# Short text fragments from websites
▼
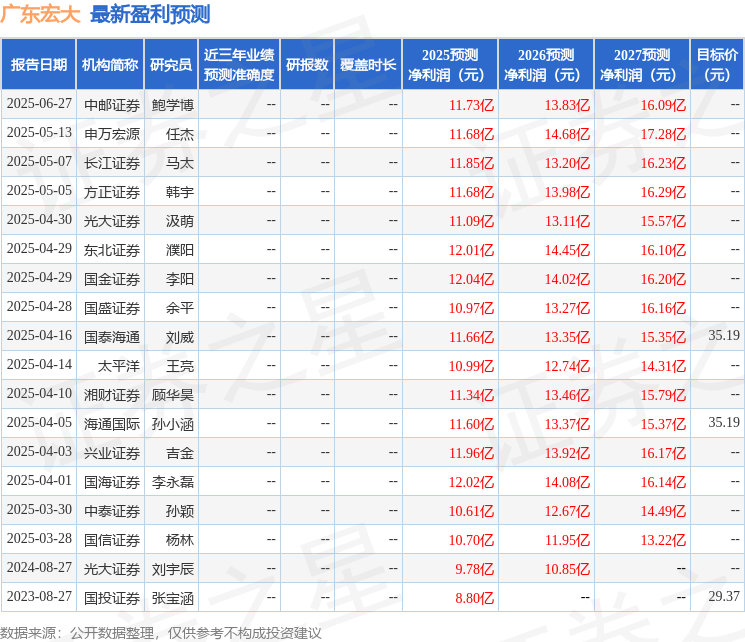中邮证券：给予广东宏大增持评级
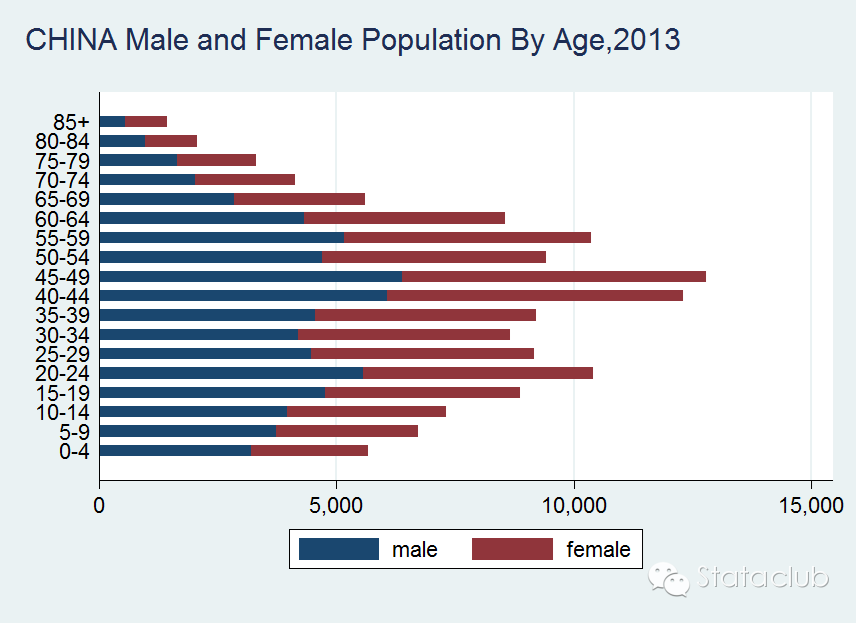 中国人口老龄化_中国年龄段人口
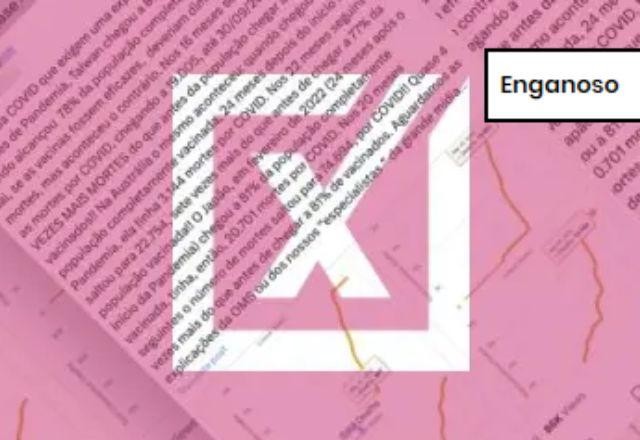 Imagem da noticia ENGANOSO: Post de deputado engana sobre eficácia de vacinas ao usar dados imprecisos e fora de contexto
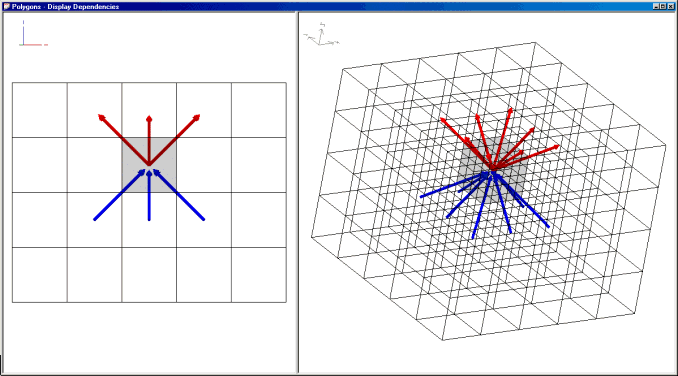 dwg_ViewDependencies_1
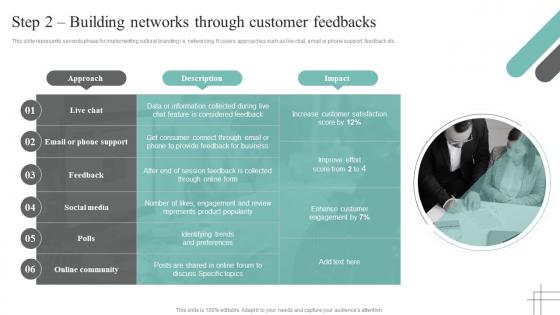 Step 2 Building Networks Through Customer Cultural Branding Guide To Build Better Customer Relationship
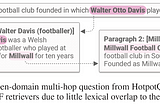 Learning to retrieve Reasoning Paths over Wikipedia graph for Question Answering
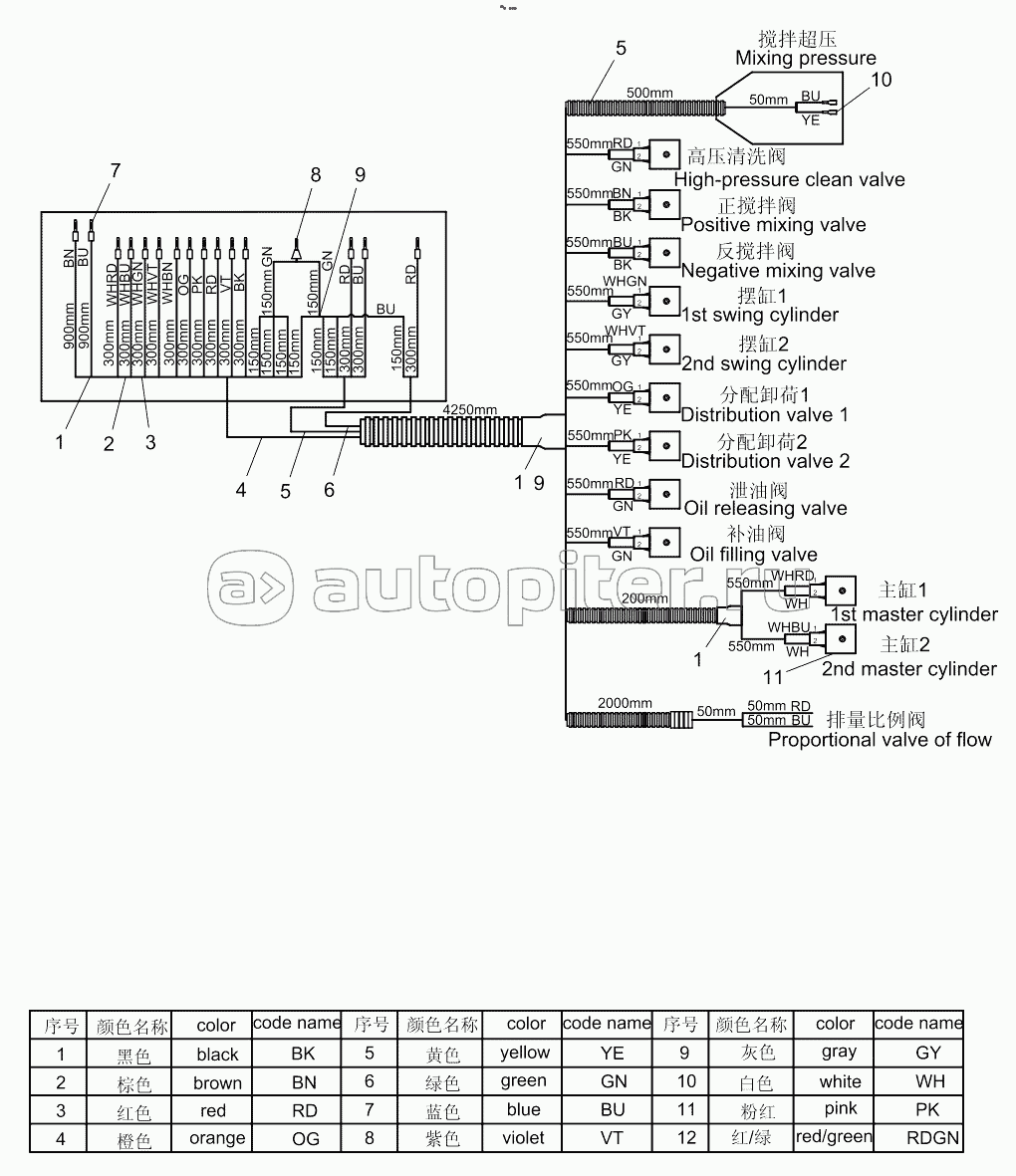 Main valve block wiring harness 001600027304L3A00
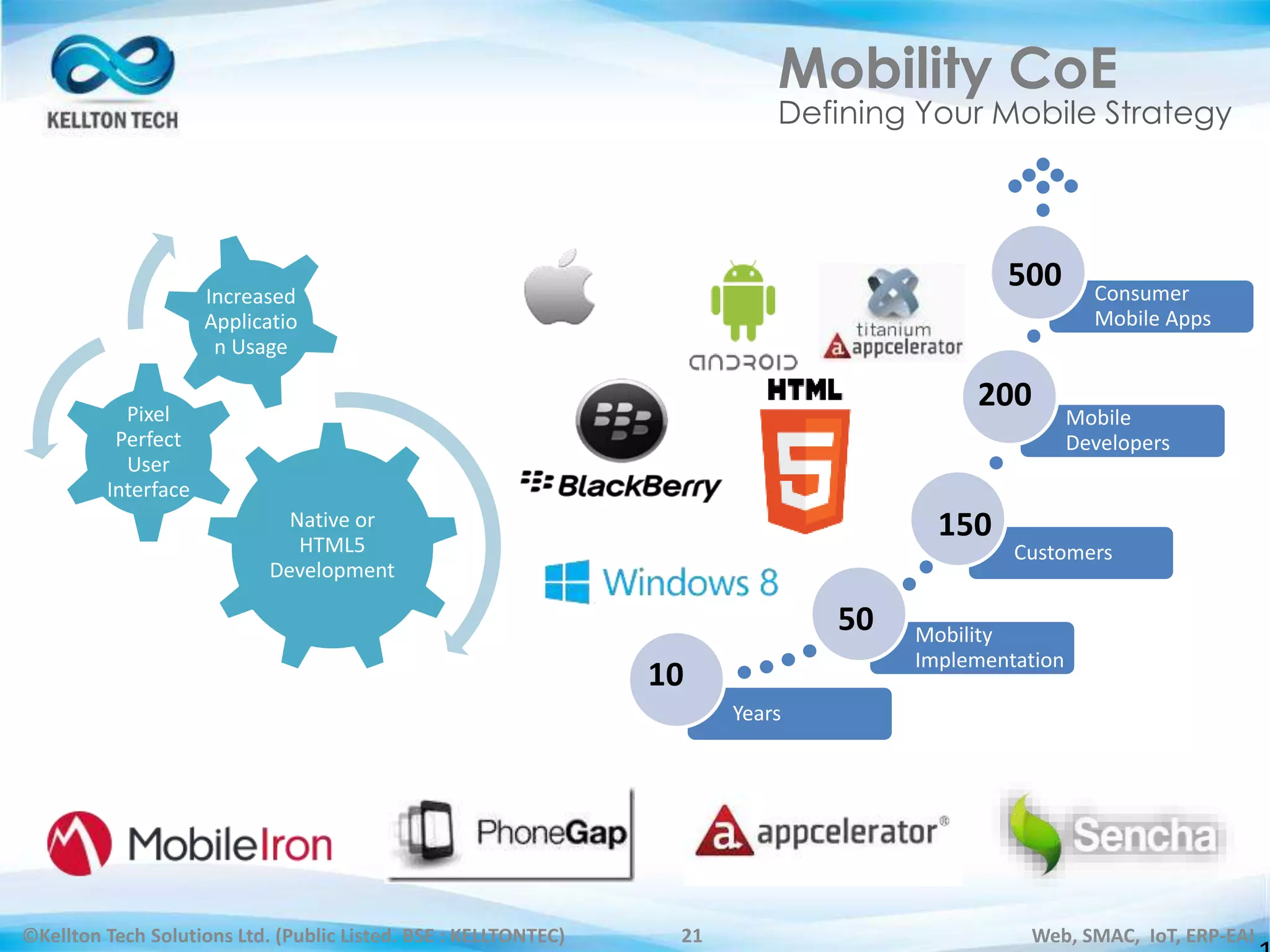©Kellton Tech Solutions Ltd. (Public Listed. BSE : KELLTONTEC) Web, SMAC, IoT, ERP-EAI21
Mobility CoE
Defining Your Mobile Strategy
Years
Enterprise
Mobility
Implementation
s
Customers
Mobile
Developers
Consumer
Mobile Apps
Native or
HTML5
Development
Pixel
Perfect
User
Interface
Increased
Applicatio
n Usage
10
50
150
200
500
▲
# ABOUT THIS EXERCISE
Identify every line above that includes the word "Mobile", and show those lines.

# ANSWER FOR THE TASK
Defining Your Mobile Strategy
Mobile
Mobile Apps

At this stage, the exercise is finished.